Segment Open

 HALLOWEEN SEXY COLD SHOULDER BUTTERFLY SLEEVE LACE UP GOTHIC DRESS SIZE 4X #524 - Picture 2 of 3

Segment Closed
Segment Open

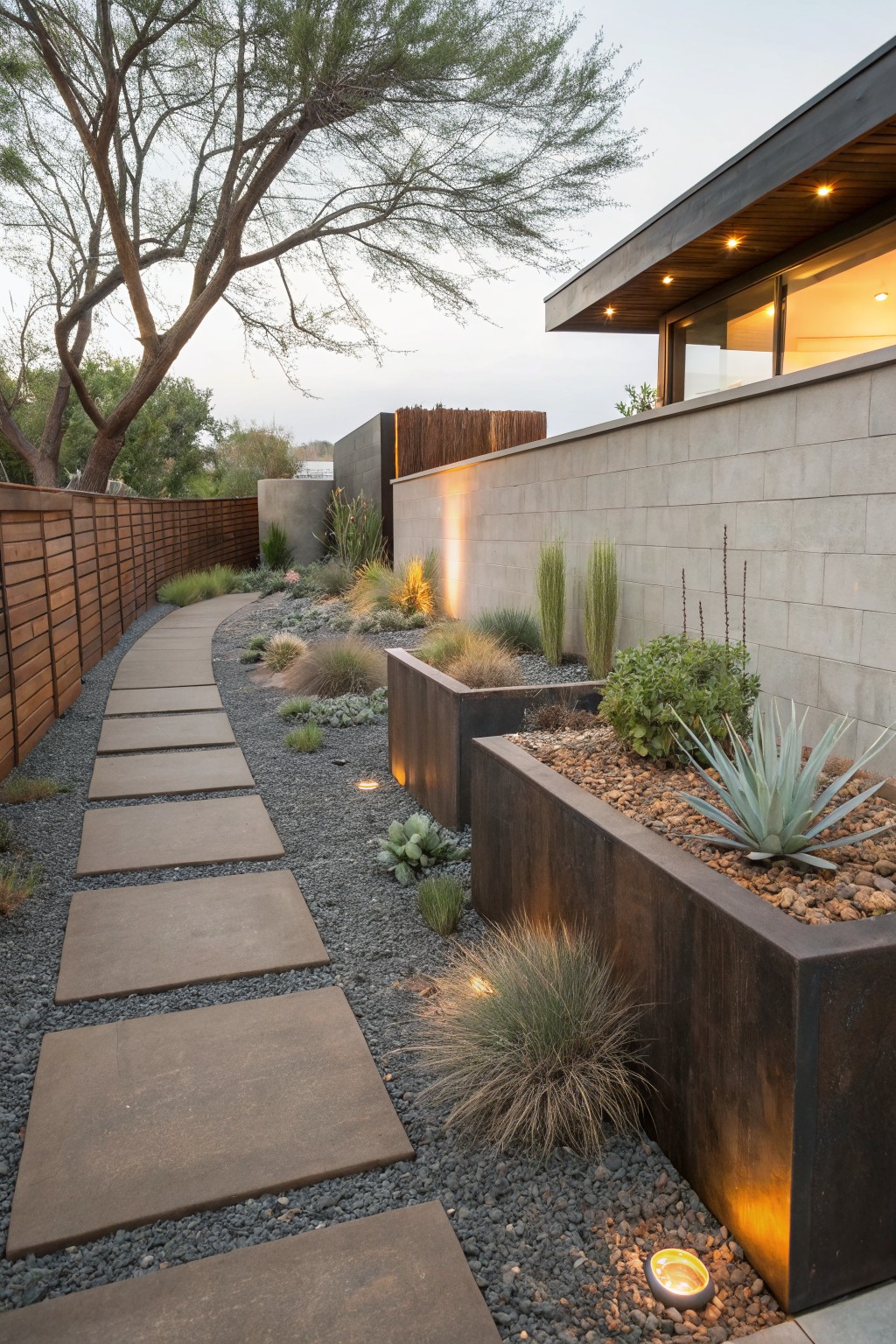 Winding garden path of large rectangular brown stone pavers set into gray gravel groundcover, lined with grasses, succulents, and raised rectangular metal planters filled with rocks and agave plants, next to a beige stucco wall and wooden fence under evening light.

Segment Closed
Segment Open

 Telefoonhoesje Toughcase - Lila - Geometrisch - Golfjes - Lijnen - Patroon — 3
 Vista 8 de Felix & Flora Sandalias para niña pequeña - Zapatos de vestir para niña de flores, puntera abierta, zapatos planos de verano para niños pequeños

Segment Closed

→ **Task directions**
A word-for-word copy of the lines above from the one with "Telefoonhoesje Toughcase - Lila" through the one with "Vista 8 de Felix", inclusive, is the only output wanted.

→ **Answer section**
 Telefoonhoesje Toughcase - Lila - Geometrisch - Golfjes - Lijnen - Patroon — 3
 Vista 8 de Felix & Flora Sandalias para niña pequeña - Zapatos de vestir para niña de flores, puntera abierta, zapatos planos de verano para niños pequeños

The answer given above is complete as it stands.